_Exercise objective:_
Write out once more the lines running from the top of the entries below to the line with "Used Toyota Granvia", both ends included.
*** Opening Data for this task ***
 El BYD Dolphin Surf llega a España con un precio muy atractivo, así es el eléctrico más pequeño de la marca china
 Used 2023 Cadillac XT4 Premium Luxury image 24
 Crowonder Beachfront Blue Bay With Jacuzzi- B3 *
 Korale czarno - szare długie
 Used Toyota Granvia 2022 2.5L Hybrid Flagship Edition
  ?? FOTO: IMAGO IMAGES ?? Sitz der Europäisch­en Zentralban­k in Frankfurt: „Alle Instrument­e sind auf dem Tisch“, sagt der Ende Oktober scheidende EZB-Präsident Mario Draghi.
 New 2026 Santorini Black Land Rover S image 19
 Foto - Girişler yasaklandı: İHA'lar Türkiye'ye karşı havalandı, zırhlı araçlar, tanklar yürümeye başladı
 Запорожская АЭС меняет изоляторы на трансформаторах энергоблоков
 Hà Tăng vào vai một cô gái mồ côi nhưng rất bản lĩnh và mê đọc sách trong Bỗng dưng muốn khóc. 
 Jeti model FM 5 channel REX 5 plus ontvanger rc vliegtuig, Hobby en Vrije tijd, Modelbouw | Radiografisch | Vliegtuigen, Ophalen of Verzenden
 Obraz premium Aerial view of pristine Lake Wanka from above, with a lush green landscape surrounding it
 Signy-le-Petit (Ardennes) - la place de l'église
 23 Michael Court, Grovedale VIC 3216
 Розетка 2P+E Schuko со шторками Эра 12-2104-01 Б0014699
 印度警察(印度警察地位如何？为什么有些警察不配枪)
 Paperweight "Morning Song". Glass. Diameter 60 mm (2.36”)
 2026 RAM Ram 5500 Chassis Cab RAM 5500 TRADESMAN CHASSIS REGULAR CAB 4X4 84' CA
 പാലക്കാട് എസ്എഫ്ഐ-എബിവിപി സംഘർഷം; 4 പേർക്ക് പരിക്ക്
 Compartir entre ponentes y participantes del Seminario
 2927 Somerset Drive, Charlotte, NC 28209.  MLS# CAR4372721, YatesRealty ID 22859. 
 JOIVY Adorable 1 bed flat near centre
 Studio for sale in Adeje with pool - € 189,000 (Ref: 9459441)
*** Closing Data for this task ***
_Result:_
 El BYD Dolphin Surf llega a España con un precio muy atractivo, así es el eléctrico más pequeño de la marca china
 Used 2023 Cadillac XT4 Premium Luxury image 24
 Crowonder Beachfront Blue Bay With Jacuzzi- B3 *
 Korale czarno - szare długie
 Used Toyota Granvia 2022 2.5L Hybrid Flagship Edition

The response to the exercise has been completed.